What is a problem? A problem is an obstacle, that has to be surmounted. Solving a problem is connected with obstacles. Or more general: Problem solving is a process to get from an unsatisfactory to a satisfactory situation.
Most of us get paid for solving problems. It’s irrelevant if you are paid for solving technical problem (e.g. My computer doesn’t work), or if you are paid to create solutions for customers (e.g. design infrastructure for a Citrix XenApp farm). At the end you solve a problem.
Every problem has characteristics, that can be used to describe it.
Not every problem is solvable. Think about “Squaring the circle“. But often a problem seems to be unsolvable because it’s not well defined. If Initial situation, obstacle and target situation are not clearly formulated, you won’t be able to solve the problem.
If you can decompose a problem into multiple subproblems, it is a hierarchical problem. Otherwise, it’s an elemental problem.
The effort to solve a problem is always different.. A problem is theoretically solvable, but it may require such a high effort, that it is practically unsolvable.
Even if a problem is well defined, it appears different in regard to complexity for different people.
How to start?
First of all
- Understand and define the problem
This is most important part. Before you try to solve a problem, make sure that you have really understood the problem. Then you should define the problem. Only a clearly defined problem can be solved. And it’s much easier to solve a clearly defined, than a vague problem. If it’s a complex problem, then you should try to
- Simplify or decompose the problem
A simplified problem can help you stay focused. If you can’t simplify a problem, you can try to divide it into subproblems. With a clearly defined, simplified/ structured problem, you can start to
- Find the root cause
Collecting information is the key. Collect information about what happened before, during, and after the problem has occurred. Identifying the root cause for a problem can be a time consuming task. But let me say this clearly: Information is the key. Information that help to find the root cause are not only observations (e.g. logs, error messages etc.). You can can use the results of systematic tests. Collect as much data as you can.
Sometimes it can be useful to create a hypothesis.
Scientists generally base scientific hypotheses on previous observations that cannot satisfactorily be explained with the available scientific theories.
If you see that System A is affected, but system B should be affected too, but it’s not, it might be time to create a hypothesis. With a hypothesis in mind, you can try to prove it. Test the hypothesis by performing tests and collecting data. This strategy is called “hypothesis testing”.
At some point, you should have identified the root cause. With the now known root cause, you can
- Create solutions and select the best one
Sometimes it’s easy. But sometimes it’ not that easy. A trade-off analysis can help to identify the best of multiple solutions.
- Create an action plan
Even if you only have to disable a specific feature, it’s a good idea to formulate an action plan. Even if consists only of three lines… You should state clearly
- WHAT you do
- WHY do you have to do it, and
- HOW to you plan to check it
With these steps, you should be well prepared. It doesn’t matter what kind of problem you are trying to solve: The process is basically the same.
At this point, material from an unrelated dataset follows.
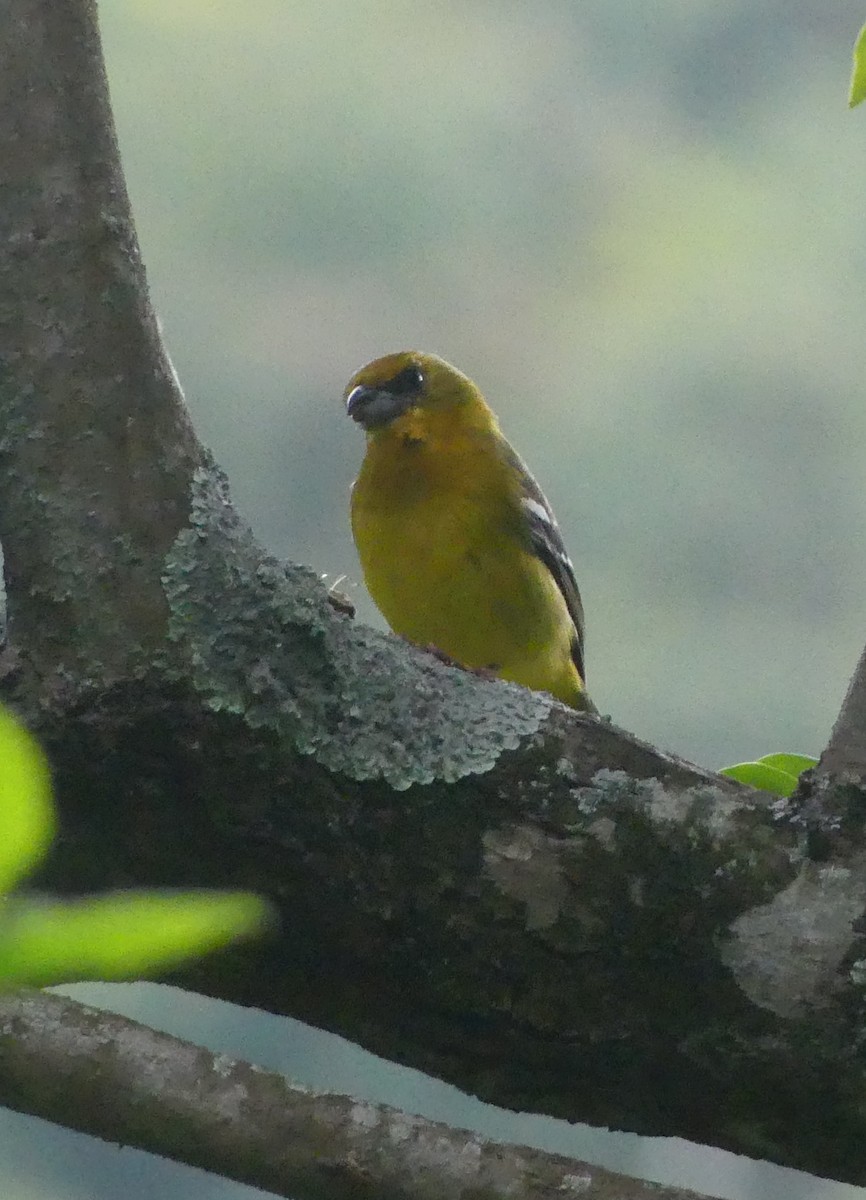 Ak Kanatlı Piranga - ML646117329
Other problem solving methods
Over the years many problem solving methods have been developed. Kepner-Tregoe is one of them. Other well known methods are:
- A3 Problem Solving
- Eight Disciplines (8D) Problem Solving
- Failure mode and effects analysis (FMEA)
A3 Problem Solving has been developed at Toyota for their Toyota Production System (TPS). It’s an often used method in Lean Manufacturing. A3 helps to solve problems by pretending a structure (WHAT IS and WHAT IS NOT the problem, describe the problem, root cause, solution etc). This strucure is placed on an A3 sheet paper (that why it’s called A3). The process is based on the principles of Deming’s PDCA cycle.
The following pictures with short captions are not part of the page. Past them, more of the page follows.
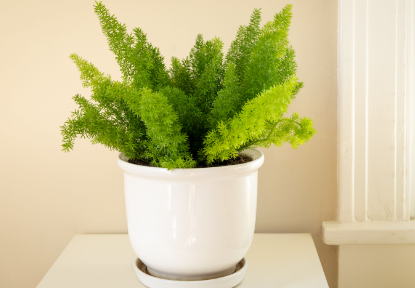 Asparagus fern with feathery foliage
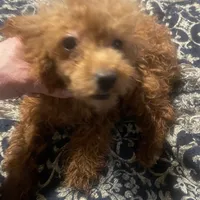 Ginger, a female Poodle - Toy  for sale in Pelham, NC – Photo 2 of 6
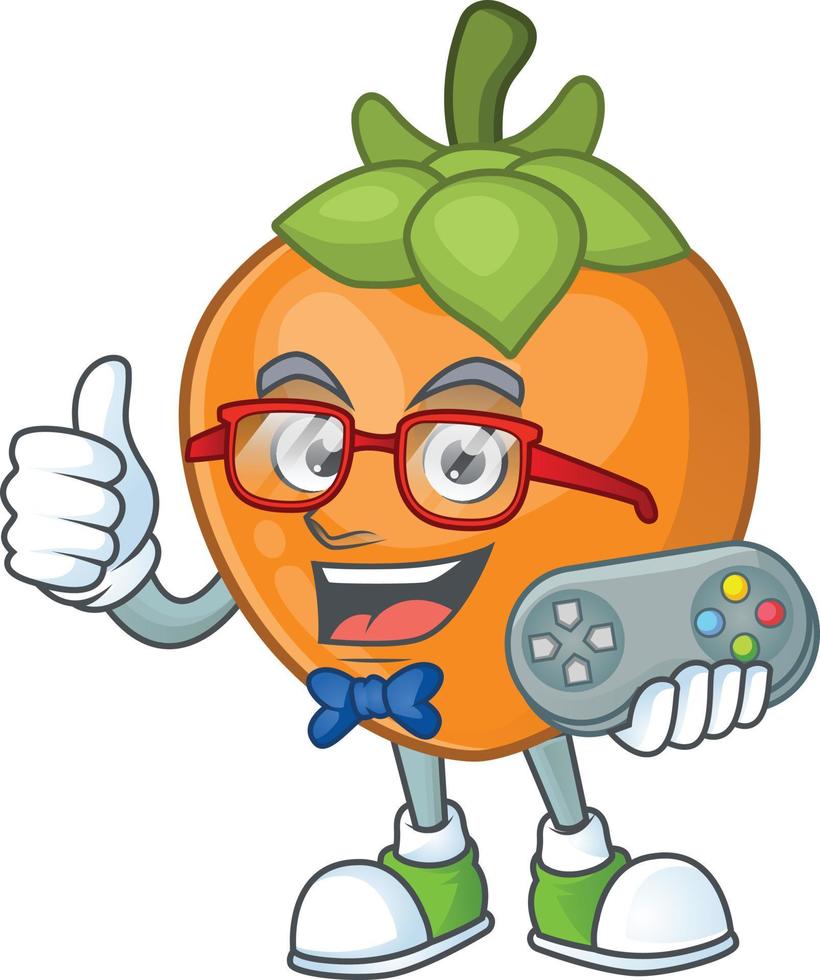 Persimmon Fruit Vector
PDCA, or Plan-Do-Check-Act (sometimes Shewhart-Cycle) was made popular by Dr. Edwards Deming. Plan-Do-Check-Act refers to the four phases of this cycle.
- Plan: Plan the change
- Do: implement the change
- Check: Check the sucess of the implemented change
- Act: Take action based on the results of “Check”
Eight Disciplines (8D) Problem Solving was developed by the Ford Motor Company. The D0 phase is the starting point for the D8 process, but it’s not counted.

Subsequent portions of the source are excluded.